Middle housing refers to a range of housing options that fall between single-family homes and large apartment complexes. It includes structures like townhouses, duplexes, triplexes, cottage courts, and small apartment buildings. This type of housing balances density and livability, and offers a middle ground in housing options.
Over time, middle housing, which historically made up a large portion of our cities, has been phased out, redeveloped, and in some cases, completely eliminated as an urban living option.
Several historical factors led to the decline in middle housing:
Zoning Laws and Single-Family Dominance: In the early 20th century, zoning laws were introduced to regulate land use and development. Single-family zoning became prevalent, prioritizing detached homes and limiting the construction of middle housing.

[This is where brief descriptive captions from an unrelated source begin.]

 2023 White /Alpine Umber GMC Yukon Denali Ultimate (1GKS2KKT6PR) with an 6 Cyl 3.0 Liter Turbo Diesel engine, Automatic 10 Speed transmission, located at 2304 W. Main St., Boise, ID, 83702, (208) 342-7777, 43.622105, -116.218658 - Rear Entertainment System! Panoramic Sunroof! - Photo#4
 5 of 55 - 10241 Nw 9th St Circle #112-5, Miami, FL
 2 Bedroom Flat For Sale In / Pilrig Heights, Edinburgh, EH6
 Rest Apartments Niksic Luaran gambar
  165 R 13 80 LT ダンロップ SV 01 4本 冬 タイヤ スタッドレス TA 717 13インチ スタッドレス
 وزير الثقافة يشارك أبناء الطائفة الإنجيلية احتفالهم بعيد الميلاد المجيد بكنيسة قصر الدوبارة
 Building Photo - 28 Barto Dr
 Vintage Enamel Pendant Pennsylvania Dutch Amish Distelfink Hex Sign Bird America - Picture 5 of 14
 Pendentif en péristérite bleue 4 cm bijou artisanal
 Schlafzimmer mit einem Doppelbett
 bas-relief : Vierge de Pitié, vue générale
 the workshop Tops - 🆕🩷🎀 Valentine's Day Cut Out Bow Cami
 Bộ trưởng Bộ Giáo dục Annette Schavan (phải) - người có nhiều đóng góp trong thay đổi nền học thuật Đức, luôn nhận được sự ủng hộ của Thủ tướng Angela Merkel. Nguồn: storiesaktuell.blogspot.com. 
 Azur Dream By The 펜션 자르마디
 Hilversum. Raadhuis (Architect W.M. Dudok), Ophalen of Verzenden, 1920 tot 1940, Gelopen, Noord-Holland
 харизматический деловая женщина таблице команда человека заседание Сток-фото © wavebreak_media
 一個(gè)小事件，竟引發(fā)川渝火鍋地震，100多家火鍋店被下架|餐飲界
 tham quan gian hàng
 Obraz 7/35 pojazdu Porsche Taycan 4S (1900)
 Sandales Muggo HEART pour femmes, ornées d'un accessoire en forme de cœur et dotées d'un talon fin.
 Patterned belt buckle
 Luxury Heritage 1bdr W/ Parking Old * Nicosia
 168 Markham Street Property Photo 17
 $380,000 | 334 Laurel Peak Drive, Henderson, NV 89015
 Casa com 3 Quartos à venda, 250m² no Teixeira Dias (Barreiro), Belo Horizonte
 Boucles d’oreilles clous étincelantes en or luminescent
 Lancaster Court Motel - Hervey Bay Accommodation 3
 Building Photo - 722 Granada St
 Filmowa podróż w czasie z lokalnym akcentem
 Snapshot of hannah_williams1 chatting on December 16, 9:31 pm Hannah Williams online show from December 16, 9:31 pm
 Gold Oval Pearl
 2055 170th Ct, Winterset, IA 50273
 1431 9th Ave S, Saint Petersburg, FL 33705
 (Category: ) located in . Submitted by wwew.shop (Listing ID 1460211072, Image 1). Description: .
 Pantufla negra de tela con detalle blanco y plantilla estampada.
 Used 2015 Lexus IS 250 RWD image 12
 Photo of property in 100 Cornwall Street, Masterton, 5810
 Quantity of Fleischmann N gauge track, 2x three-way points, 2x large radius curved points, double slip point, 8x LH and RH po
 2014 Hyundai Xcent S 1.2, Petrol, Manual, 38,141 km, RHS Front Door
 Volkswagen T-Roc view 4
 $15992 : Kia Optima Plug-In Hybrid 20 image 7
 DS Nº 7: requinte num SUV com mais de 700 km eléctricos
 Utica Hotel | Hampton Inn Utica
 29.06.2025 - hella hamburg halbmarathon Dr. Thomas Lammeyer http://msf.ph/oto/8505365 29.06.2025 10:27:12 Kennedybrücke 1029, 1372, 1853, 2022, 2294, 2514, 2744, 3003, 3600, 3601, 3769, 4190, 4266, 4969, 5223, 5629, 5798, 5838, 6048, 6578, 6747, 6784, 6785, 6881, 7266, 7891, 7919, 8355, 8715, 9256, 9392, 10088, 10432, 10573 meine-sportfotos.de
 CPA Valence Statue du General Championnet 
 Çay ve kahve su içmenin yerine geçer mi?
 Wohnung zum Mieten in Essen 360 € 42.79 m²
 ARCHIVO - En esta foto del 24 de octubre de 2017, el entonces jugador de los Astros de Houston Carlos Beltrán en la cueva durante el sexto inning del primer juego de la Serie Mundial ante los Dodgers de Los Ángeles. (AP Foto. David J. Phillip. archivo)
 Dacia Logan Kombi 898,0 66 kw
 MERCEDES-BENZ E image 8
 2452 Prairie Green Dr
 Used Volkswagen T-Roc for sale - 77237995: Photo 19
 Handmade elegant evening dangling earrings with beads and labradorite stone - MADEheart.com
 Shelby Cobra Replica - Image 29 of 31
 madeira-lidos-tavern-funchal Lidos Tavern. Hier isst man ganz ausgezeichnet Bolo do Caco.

Suburban Living and the Rise of Car Culture: The mid-20th century witnessed a shift towards suburbanization, driven by factors such as affordable land, increased car ownership, and a desire for larger homes. Suburban development often favored low-density single-family housing.
Urban Renewal and Redevelopment: During the 1950s and 1960s, urban renewal initiatives were implemented to revitalize deteriorating neighborhoods. However, these efforts frequently involved demolishing existing middle housing to make way for high-rise projects or commercial developments.
Racial and Economic Segregation: Housing policies tainted by racial discrimination, such as redlining and restrictive covenants, disproportionately affected communities of color. These practices limited access to middle housing options.
Now, this lack of middle housing has significant implications for the health and vitality of our cities, and the communities that live within them.
Middle housing plays a critical role in addressing the affordability gap between single-family homes and apartments. By providing more options for homebuyers and renters, middle housing promotes housing diversity and expands affordability.
Middle housing fosters vibrant and inclusive communities. Its moderate density encourages walkability, community interaction, and a mix of household types, enabling people of different backgrounds and life stages to reside in the same neighborhood.
Emphasizing middle housing supports sustainable urban development by reducing sprawl, optimizing land use, and facilitating access to public transportation. It enables more efficient use of resources and promotes environmentally friendly practices.
Population growth and demand for housing are both expected to continue, creating a dire need for more middle housing rungs on the housing ladder. By reevaluating zoning regulations, promoting mixed-use development, and supporting the construction of middle housing, we can restore this missing rung and create more equitable, diverse, and sustainable communities for all. It's time to prioritize middle housing and ensure that the housing ladder is complete.